### DATASET EXTRACT
************

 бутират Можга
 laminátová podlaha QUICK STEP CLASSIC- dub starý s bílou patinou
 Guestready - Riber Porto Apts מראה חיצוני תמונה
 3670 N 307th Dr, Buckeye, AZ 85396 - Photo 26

************

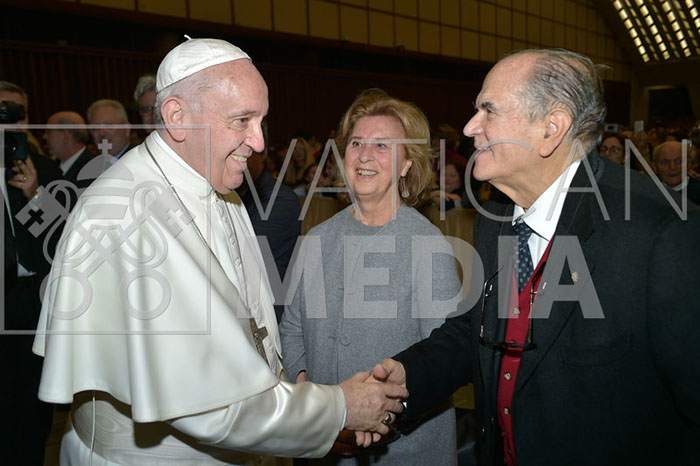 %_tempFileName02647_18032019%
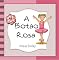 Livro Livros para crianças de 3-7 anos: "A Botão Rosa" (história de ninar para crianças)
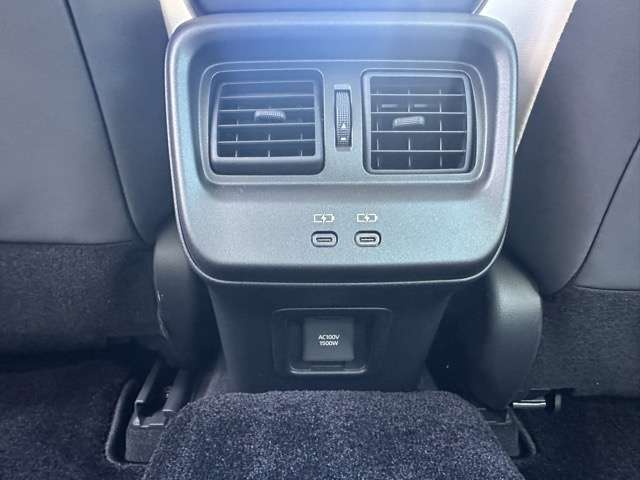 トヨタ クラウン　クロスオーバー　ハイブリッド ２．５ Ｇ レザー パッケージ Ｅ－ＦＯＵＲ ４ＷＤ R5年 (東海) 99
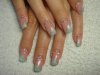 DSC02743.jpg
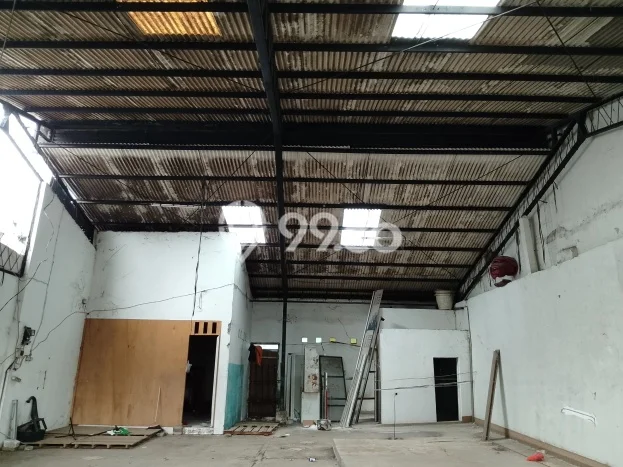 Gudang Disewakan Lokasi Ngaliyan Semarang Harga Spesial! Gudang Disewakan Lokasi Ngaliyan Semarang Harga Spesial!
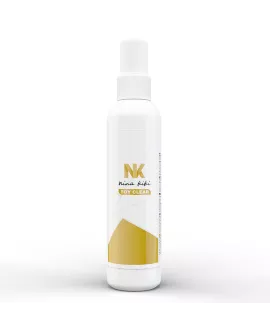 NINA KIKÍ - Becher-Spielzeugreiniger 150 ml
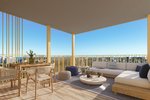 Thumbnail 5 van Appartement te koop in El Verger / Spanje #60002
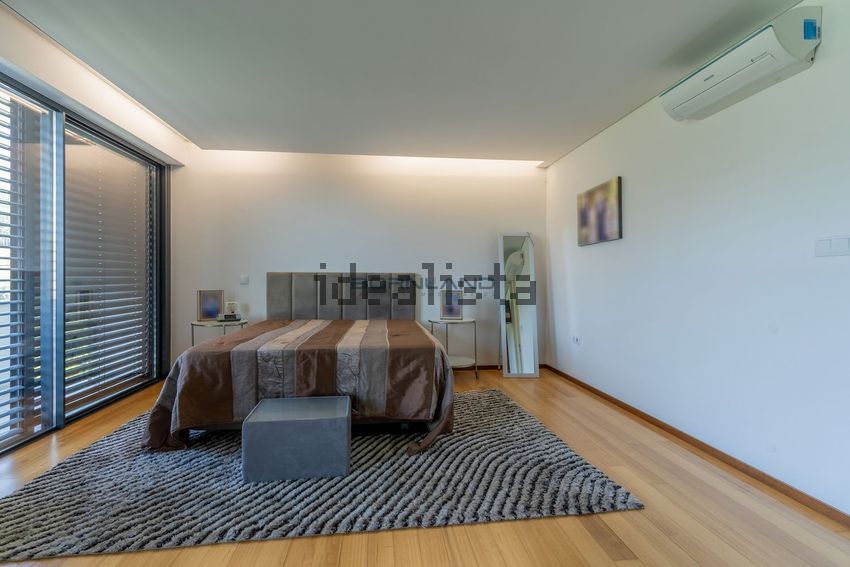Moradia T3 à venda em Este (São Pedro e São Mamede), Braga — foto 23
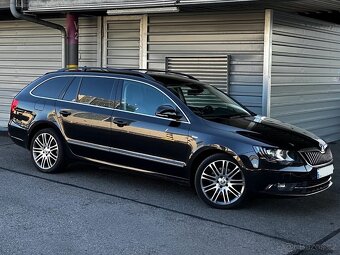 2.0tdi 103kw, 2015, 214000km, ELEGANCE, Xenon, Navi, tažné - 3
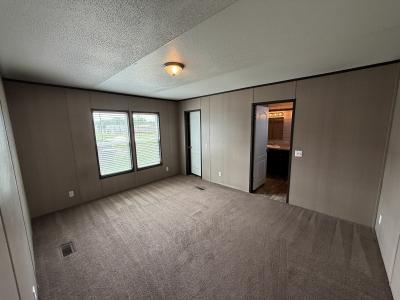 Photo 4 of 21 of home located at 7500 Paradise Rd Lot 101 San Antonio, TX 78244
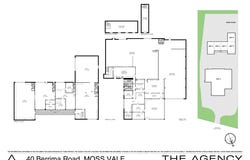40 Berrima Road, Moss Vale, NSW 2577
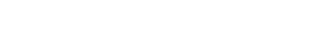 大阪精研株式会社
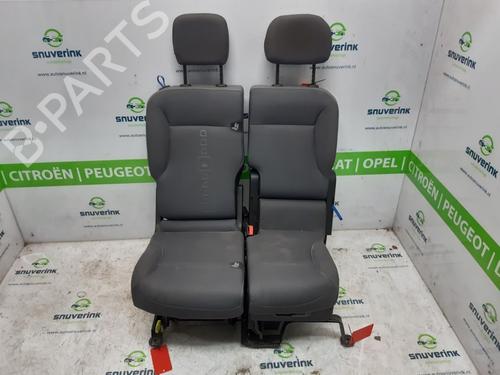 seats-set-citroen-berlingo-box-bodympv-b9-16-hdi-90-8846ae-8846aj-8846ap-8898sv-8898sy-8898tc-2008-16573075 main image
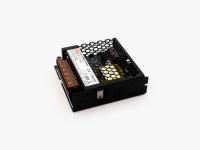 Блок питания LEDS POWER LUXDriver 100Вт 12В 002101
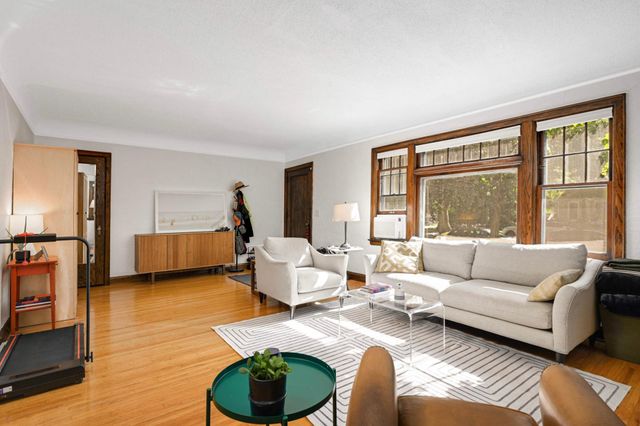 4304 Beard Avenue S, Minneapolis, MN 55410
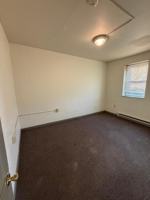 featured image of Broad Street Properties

************

### REQUIRED ACTION
Would you output the lines above from the line holding "DSC02743.jpg" up to and including the line holding "featured image of Broad Street Properties", exactly and only those, with no pictures?

### ANSWER
 DSC02743.jpg
 Gudang Disewakan Lokasi Ngaliyan Semarang Harga Spesial! Gudang Disewakan Lokasi Ngaliyan Semarang Harga Spesial!
 NINA KIKÍ - Becher-Spielzeugreiniger 150 ml
 Thumbnail 5 van Appartement te koop in El Verger / Spanje #60002
Moradia T3 à venda em Este (São Pedro e São Mamede), Braga — foto 23
 2.0tdi 103kw, 2015, 214000km, ELEGANCE, Xenon, Navi, tažné - 3
 Photo 4 of 21 of home located at 7500 Paradise Rd Lot 101 San Antonio, TX 78244
40 Berrima Road, Moss Vale, NSW 2577
 大阪精研株式会社
 seats-set-citroen-berlingo-box-bodympv-b9-16-hdi-90-8846ae-8846aj-8846ap-8898sv-8898sy-8898tc-2008-16573075 main image
 Блок питания LEDS POWER LUXDriver 100Вт 12В 002101
 4304 Beard Avenue S, Minneapolis, MN 55410
 featured image of Broad Street Properties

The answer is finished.